- LISTED RECORDS -
■ ■ ■ ■ ■

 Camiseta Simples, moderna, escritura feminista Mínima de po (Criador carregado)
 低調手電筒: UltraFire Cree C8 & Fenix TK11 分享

■ ■ ■ ■ ■

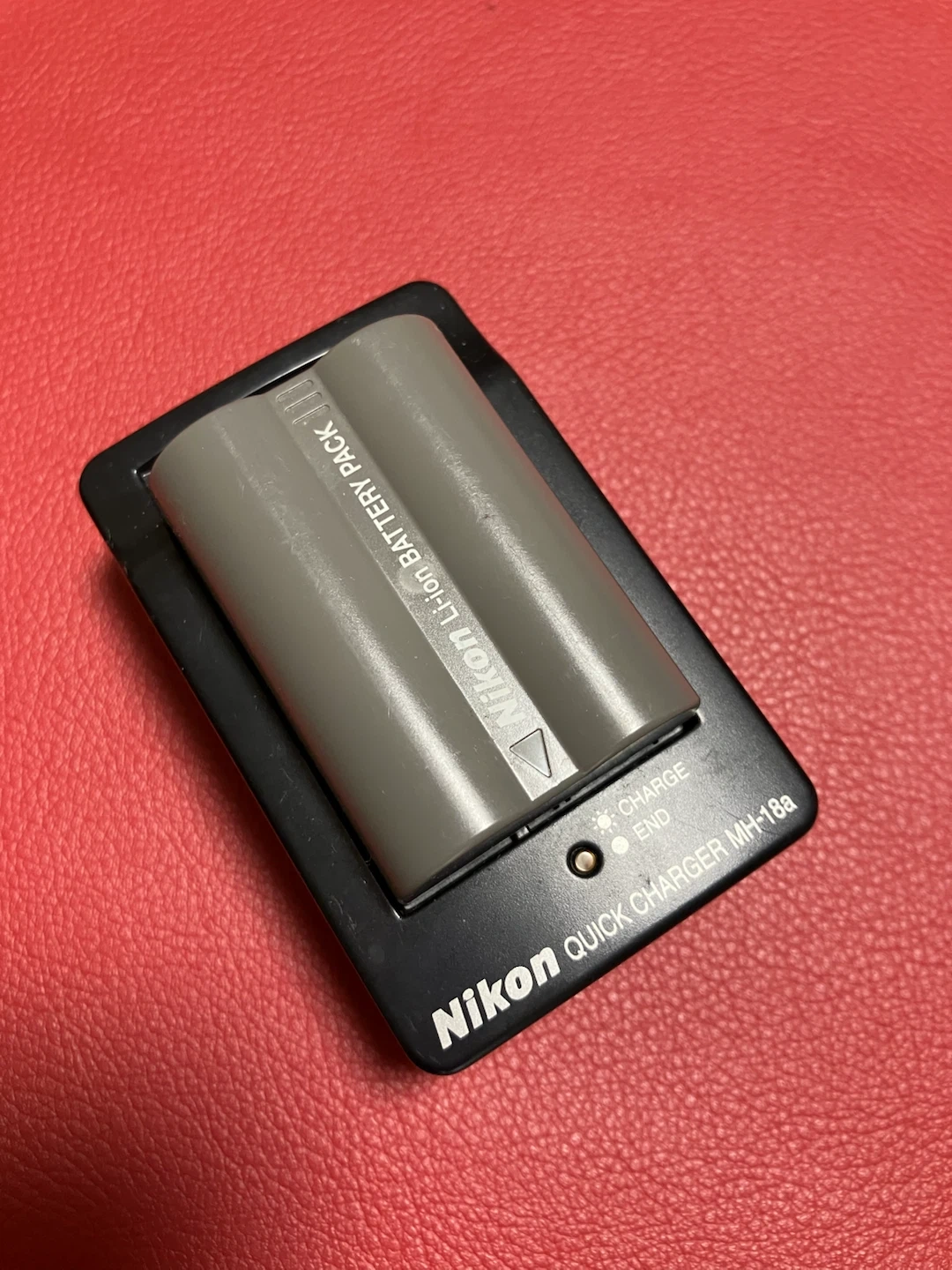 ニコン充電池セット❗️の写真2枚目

■ ■ ■ ■ ■

- WHAT TO DO -
Write out, from the lines above, only those from the line with "Camiseta Simples, moderna, escritura" to the line with "低調手電筒: UltraFire Cree C8 & Fenix TK11 分享", exactly as given, including the first and the last.

- EXERCISE RESPONSE -
 Camiseta Simples, moderna, escritura feminista Mínima de po (Criador carregado)
 低調手電筒: UltraFire Cree C8 & Fenix TK11 分享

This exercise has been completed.